SPRT Result — wordfish_dev_070925_v2.0.1 vs Revolution (10+0.1)
Status: Strong Regression
Test WF_dev_070925_v2.0.1_vs_REV_10+0.1_run2_784 using UHO_2024_8mvs_+085_+094.pgn, α=β=0.05 (Wald bounds A≈-2.944, B≈+2.944).

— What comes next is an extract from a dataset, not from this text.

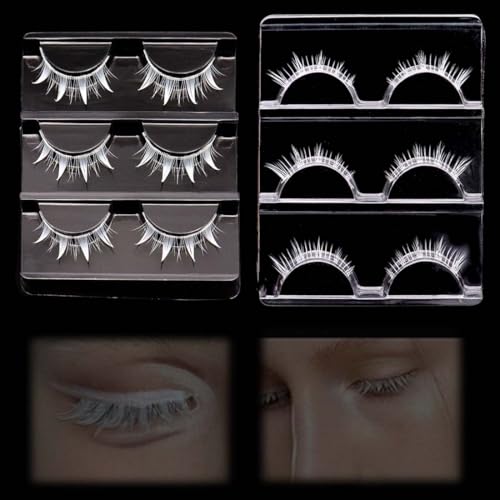QOWUXHZ 6 Pares Pestañas Postizas Blancas Banda Tranparentes Suave Y Reutilizable Lashes Pestañas Postizas Naturales Halloween Cosplay Anime Eyelash Para Halloween Fiesta Escenario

Sequential evidence: LLR = -2.63.
| Metric | Value |
|---|---|
| Engines | wordfish_dev_070925_v2.0.1 vs Revolution |
| Time control | 10+0.1 (1 thread) |
| Games | 784 |
| Score | 343.5 / 784 (43.81 %) |
| W / L / D | 145 / 242 / 397 |
| Draw ratio | 50.64 % |
| Elo (±) | -43.21 ± 12.39 |
| nElo (±) | -85.75 ± 24.32 |
| LOS | 0.00 % |
| LLR / bounds | -2.63 (A=-2.944, B=+2.944) |
| Pentanomial | [11, 124, 210, 45, 2] |
Recommendation:
Given the strong negative signal (Elo ≈ -43, LOS=0%), you can stop the test now for engineering purposes.
If you need a formal SPRT outcome, continue a little longer until LLR ≤ A (≈ -2.944).
For faster future screens, consider α=β=0.10 or a negative-effect H₁ (e.g., 0↔−5 Elo) when you suspect regressions.